Let's say I have a random variable $X\sim F_X(x)$ supported over $(0,1)$.  I have two independent draws from $F_X$, which are $x_1$ and $x_2$. 
Similarly, I have a random variable $Y\sim F_Y(y)$ supported over $(0,1)$.  I have two independent draws from $F_Y$, which are $y_1$ and $y_2$. 
I am not even sure what words to use to express this properly, but I want to find the distribution for (or any way to express) the "$x$" part of the $Minumum[x_1 + y_1, x_2 +y_2]$.  That is probably not clear enough so let me try to explain more: 
If $x_1 + y_1 < x_2 +y_2$ I want some way of expressing a distribution for $x_1$ that is more specific than $F_X$ since now we have more information about it. (And if $x_1 + y_1 > x_2 +y_2$ the of course I would want the way to describe $x_2$).

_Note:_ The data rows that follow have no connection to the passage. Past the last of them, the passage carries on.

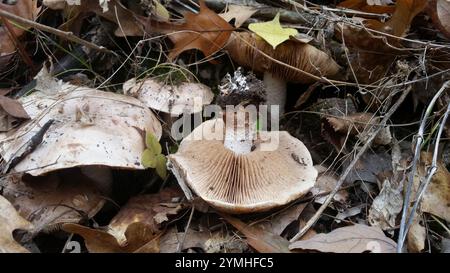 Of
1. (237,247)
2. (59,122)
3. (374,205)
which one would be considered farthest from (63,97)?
(374,205)

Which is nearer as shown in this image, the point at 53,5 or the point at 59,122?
the point at 59,122

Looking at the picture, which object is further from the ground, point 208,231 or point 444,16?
point 444,16

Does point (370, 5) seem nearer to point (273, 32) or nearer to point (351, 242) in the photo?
point (273, 32)

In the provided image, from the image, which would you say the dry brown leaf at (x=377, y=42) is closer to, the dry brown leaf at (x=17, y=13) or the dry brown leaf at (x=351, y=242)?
the dry brown leaf at (x=351, y=242)

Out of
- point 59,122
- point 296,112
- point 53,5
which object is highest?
point 53,5

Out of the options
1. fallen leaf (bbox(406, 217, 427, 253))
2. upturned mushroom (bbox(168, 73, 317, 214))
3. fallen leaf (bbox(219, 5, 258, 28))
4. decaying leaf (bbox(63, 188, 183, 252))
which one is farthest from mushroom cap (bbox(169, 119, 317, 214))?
fallen leaf (bbox(219, 5, 258, 28))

Does this question make sense?  And if so, can anyone help me, even if it's just to have better terminology for describing what I'm looking for?
Thanks so much!
 A: The distribution of $X_1$ conditional on the event $[X_1+Y_1\lt X_2+Y_2]$ has density $g$ defined by
$$
g(x)=\frac1cf_X(x)u(x),
$$
with
$$
u(x)=\mathrm P(x+Y_1\lt X_2+Y_2),
\qquad
c=\int_{-\infty}^{+\infty} f_X(z)u(z)\mathrm dz.
$$
Since $u$ is nonincreasing, $g$ puts more weight than $f_X$ on the small values.
Note that the distribution of $\min\{X_1,X_2\}$ has density $m$, where
$$
m(x)=2f_X(x)v(x),\quad v(x)=\mathrm P(x\lt X_2)=1-F_X(x).
$$
A: I might write it this way.  Let $T = 1$ when $X_1 + Y_1 < X_2 + Y_2$, $2$ when $X_1 + Y_1 \ge X_2 + Y_2$.  You want the distribution of $X_T$.
Now $P(X_T < x|Y_1, Y_2) = P(X_1 < x, X_1 +Y_1 < X_2 + Y_2 )) + P(X_2 < x, X_1 + Y_1 \le X_2 + Y_2)$.  Suppose $X_1, X_2, Y_1, Y_2$ are all independent with continuous distributions (so I don't have to distinguish between $<$ and $\le$), and $|Y_2 - Y_1| = V $.
There are several different cases, depending on the ordering of $x$, $V$ and $1-V$.
For example, if $x < \min(V, 1-V)$, $P(X_T < x | Y_1, Y_2)$ is obtained by integrating $f_X(x_1) f_X(x_2)$ over a region that looks like this:

Then you'll have to integrate the result times $f_Y(y_1) f_Y(y_2)$ over the unit square to get unconditional probability.